# Windows 10 Creators update.



## mscp (Sep 20, 2019)

Has anyone updated yet? What's the verdict?


----------



## Shad0wLandsUK (Sep 20, 2019)

Phil81 said:


> Has anyone updated yet? What's the verdict?


Which one are we speaking about? 1903...


----------



## mscp (Sep 20, 2019)

Shad0wLandsUK said:


> Which one are we speaking about? 1903...


Yes. Exactly.


----------



## dzilizzi (Sep 20, 2019)

Personal computer updated without a problem. Haven't updated the studio yet. I need to make an image first. Maybe I will do it tomorrow.


----------



## chimuelo (Sep 21, 2019)

Im starting to like Micro$oft again like I did with XP.
Im checking the size of updates and they're acceptable.
I set the hours outside of usual performance hours.
My loads have become faster, boot up and down smooth.
Ive got complete faith as Ive seen the OS exactly what it says and when it says.
A very thorough OS and I love the way it asks to update and restart when I go to shutdown now.
Use to show up on the screen which bothered me like nagware.

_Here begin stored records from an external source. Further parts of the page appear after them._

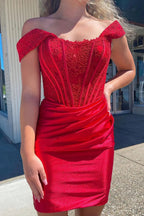 Vestidos Lindos Rojos de Satén para el Baile de Bienvenida con Hombros Descubiertos y Encaje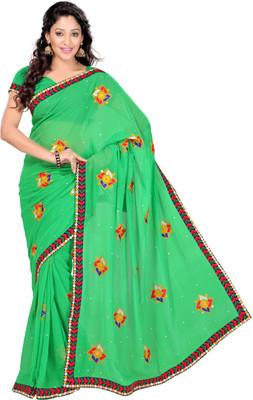Desi Butik Embroidered Fashion Art Silk Saree(Green)
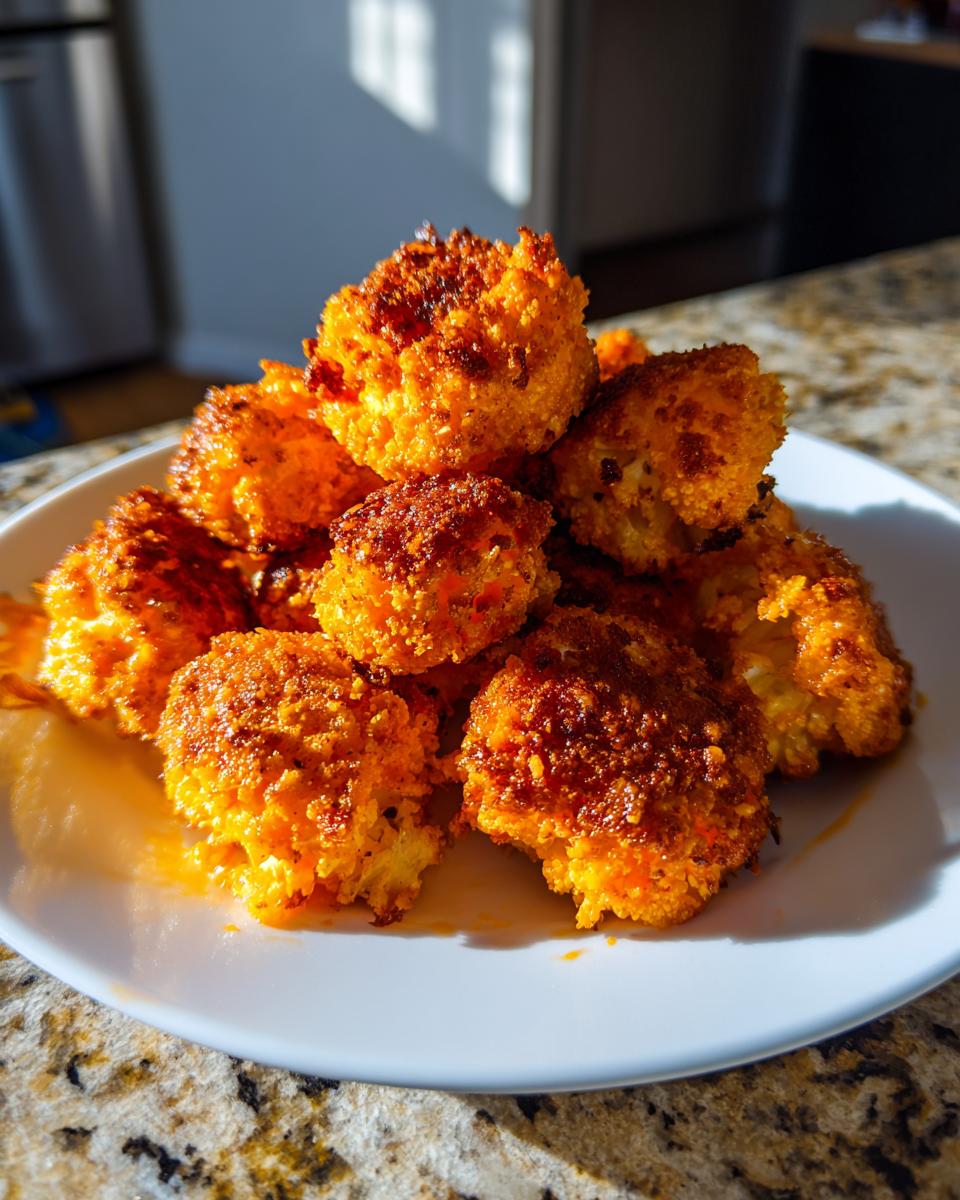 A close-up stack of crispy, bright orange buffalo cauliflower bites served on a white plate.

Im rarely online with these DAWs but no longer fear big brother.
I use to see policemen in my soup.


----------



## williamjj (Oct 2, 2019)

Not yet but I'm working on it. Maybe I will do it today.


----------



## Pietro (Oct 2, 2019)

Working on the lastest possible update of everything possible. All runs smoothly.

- Piotr


----------



## Ivan M. (Oct 15, 2019)

Hi, has anyone else noticed clicks and pops with the most recent win 10 updates? Nothing changed on my machine, except those. I get occasional clicks when listening to music on YT for example. Latency monitoring tools indeed show considerable spikes, which I didn't get before (notably network related ndis.sys and graphics drivers).


----------